Exercise data Block Start
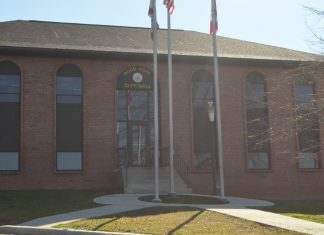 Good Hope awards bid for new pump station, sewer lines good_hope_city_hall.jpg
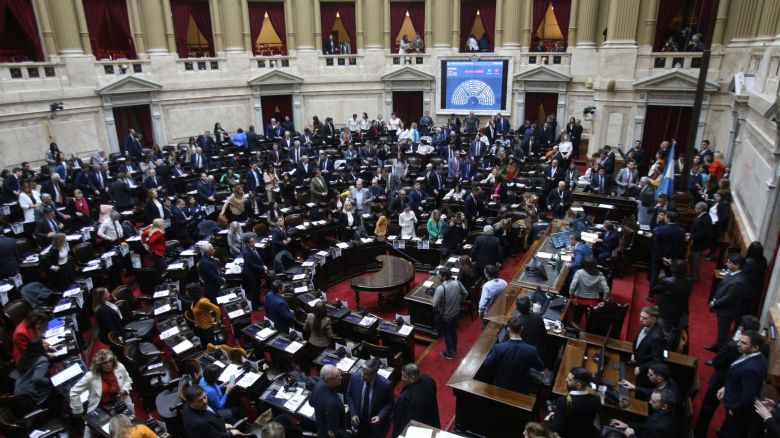Diputados: fracasó por segunda vez el intento de tratar el proyecto Ficha Limpia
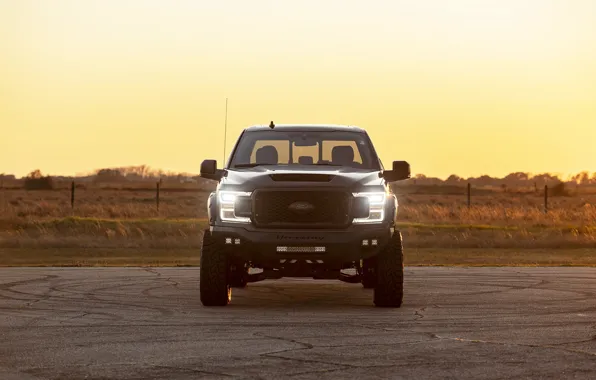 Power, pickup, exterior, Hennessey Performance, Ford F-150 Truck, Hennessey Venom 775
Exercise data Block End
[Exercise details] Reproduce the material in its entirety and word for word, without the pictures.

[Response to this exercise]
 Good Hope awards bid for new pump station, sewer lines good_hope_city_hall.jpg
Diputados: fracasó por segunda vez el intento de tratar el proyecto Ficha Limpia
 Power, pickup, exterior, Hennessey Performance, Ford F-150 Truck, Hennessey Venom 775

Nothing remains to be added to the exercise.